Now I create a dictionary where I will put the geodata I will obtain. Then, I will turn this dictionary into a pandas dataframe, which I will join with top universities dataframe to obtain the dataframe we will work with later.

In [44]:
geo_uni=dict()

In [None]:
bad=list()
for university,country in zip(top_uni['University'],top_uni['Country']):
    try:
        geo_uni[university]=uni_loc(university,country)
        print(university)
    except:
        abbrev=re.findall('\(.+\)\Z',university)
        try:
            geo_uni[university]=uni_loc(abbrev[0],country)
            print(university)
        except: bad.append(university)
        

In [48]:
geodata=pd.DataFrame.from_dict(geo_uni).transpose()
geodata.columns=['Latitude','Longitude']




In [49]:
geodata.reset_index(inplace=True)
geodata.columns=['University','Latitude','Longitude']
geodata.set_index('University',inplace=True)
geodata.to_csv("GEONEW.csv")


In [50]:
geodata.head(10)
        

Unnamed: 0_level_0,Latitude,Longitude
University,Unnamed: 1_level_1,Unnamed: 2_level_1
MASSACHUSETTS INSTITUTE OF TECHNOLOGY (MIT),42.360091,-71.09416
STANFORD UNIVERSITY,37.427475,-122.169719
HARVARD UNIVERSITY,42.377003,-71.11666
CALIFORNIA INSTITUTE OF TECHNOLOGY (CALTECH),34.137658,-118.125269
UNIVERSITY OF OXFORD,51.754816,-1.254367
UNIVERSITY OF CAMBRIDGE,52.204267,0.114908
ETH ZURICH (SWISS FEDERAL INSTITUTE OF TECHNOLOGY),47.376313,8.54767
IMPERIAL COLLEGE LONDON,51.4988,-0.174877
UNIVERSITY OF CHICAGO,41.788608,-87.598713
UCL (UNIVERSITY COLLEGE LONDON),51.524275,-0.13336


Now let us join the two tables that we have.
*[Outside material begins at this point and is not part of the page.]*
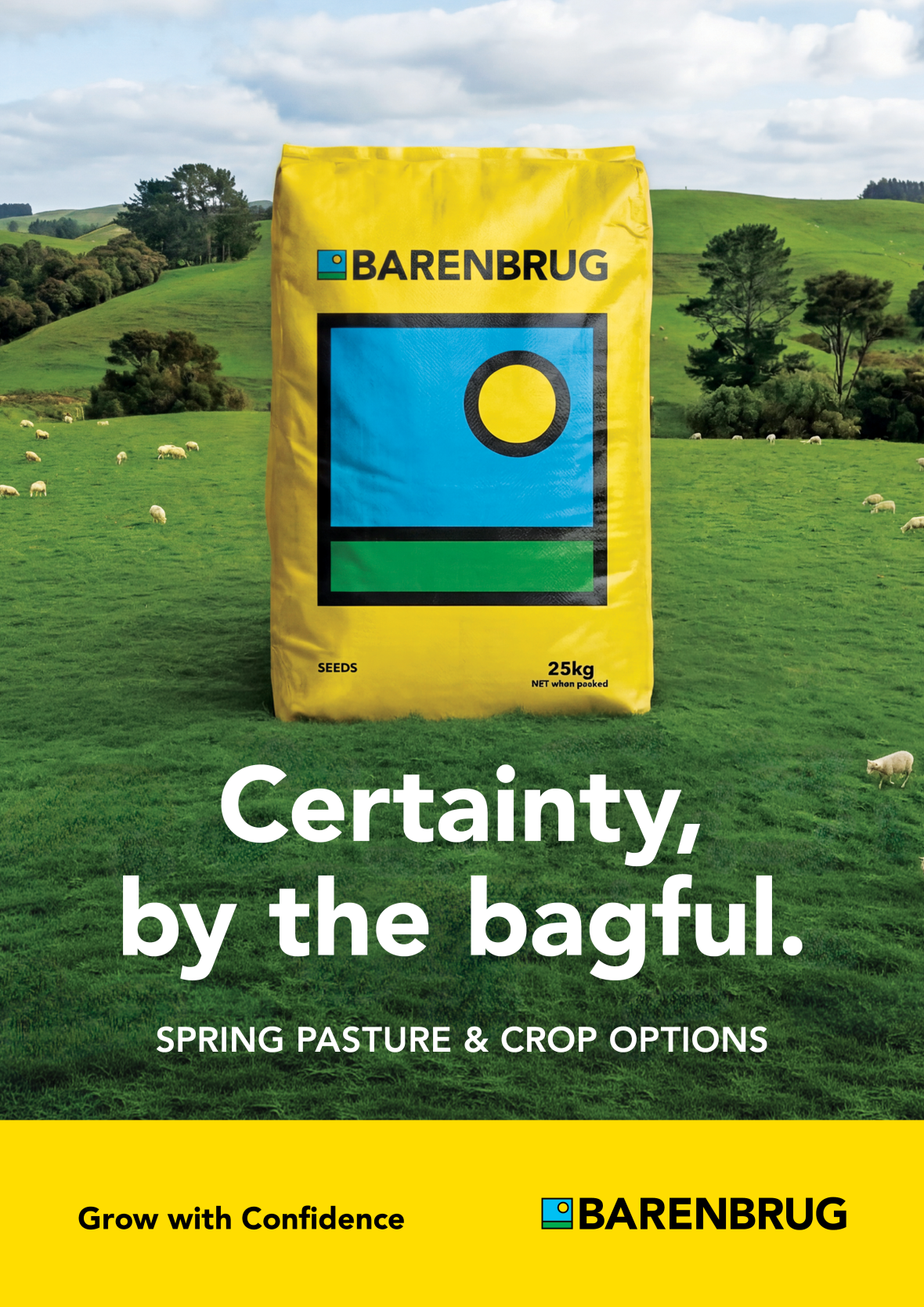 2026 Spring Brochure Cover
The resulting table is the one we are going to work with in the next part of the project. 

In [58]:
top_uni.head()
top_uni.reset_index(inplace=True)
top_uni.set_index('University',inplace=True)
top_uni.drop('index',axis=1,inplace=True)
top_uni.head()

Unnamed: 0_level_0,rank,Country,Size
University,Unnamed: 1_level_1,Unnamed: 2_level_1,Unnamed: 3_level_1
MASSACHUSETTS INSTITUTE OF TECHNOLOGY (MIT),1,United States,M
STANFORD UNIVERSITY,2,United States,L
HARVARD UNIVERSITY,3,United States,L
CALIFORNIA INSTITUTE OF TECHNOLOGY (CALTECH),4,United States,S
UNIVERSITY OF OXFORD,5,United Kingdom,L


In [59]:
data_geo=top_uni.join(geodata, on='University')

In [67]:
data_geo.reset_index(inplace=True)

In [68]:
data_geo.head()

Unnamed: 0,University,rank,Country,Size,Latitude,Longitude
0,MASSACHUSETTS INSTITUTE OF TECHNOLOGY (MIT),1,United States,M,42.360091,-71.09416
1,STANFORD UNIVERSITY,2,United States,L,37.427475,-122.169719
2,HARVARD UNIVERSITY,3,United States,L,42.377003,-71.11666
3,CALIFORNIA INSTITUTE OF TECHNOLOGY (CALTECH),4,United States,S,34.137658,-118.125269
4,UNIVERSITY OF OXFORD,5,United Kingdom,L,51.754816,-1.254367


In [None]:
data_geo.to_csv(r'C:\Users\arhip\Desktop\IBM\projects\Coursera_Capstone\UNI_data_geo.csv')

In [89]:
df=data_geo.dropna()

Now let us visualize the universities we will work with. 

In [73]:

map_uni = folium.Map(location=[46.2050242,6.1090692], zoom_start=2)

# add markers to map
for lat, lng, university in zip(df['Latitude'], df['Longitude'], df['University']):
    
    label = '{}'.format(university)
    label = folium.Popup(label, parse_html=True)
    folium.CircleMarker(
        [lat, lng],
        radius=3,
        popup=label,
        color='blue',
        fill=True,
        fill_color='#3186cc',
        fill_opacity=0.7,
        parse_html=False).add_to(map_uni)  
    
map_uni

Now let us outline the next steps of the project: 

1. We will divide the universities into rank clusters (e.g. top-100, 100-200, etc);
2. We will use Foursquare to explore the neighborhood of each university.
3. Independently of rank clustering, based on the neighborhood data, we will cluster universities. 
4. We will try to find out any correlation between the neighborhood clustering and rank.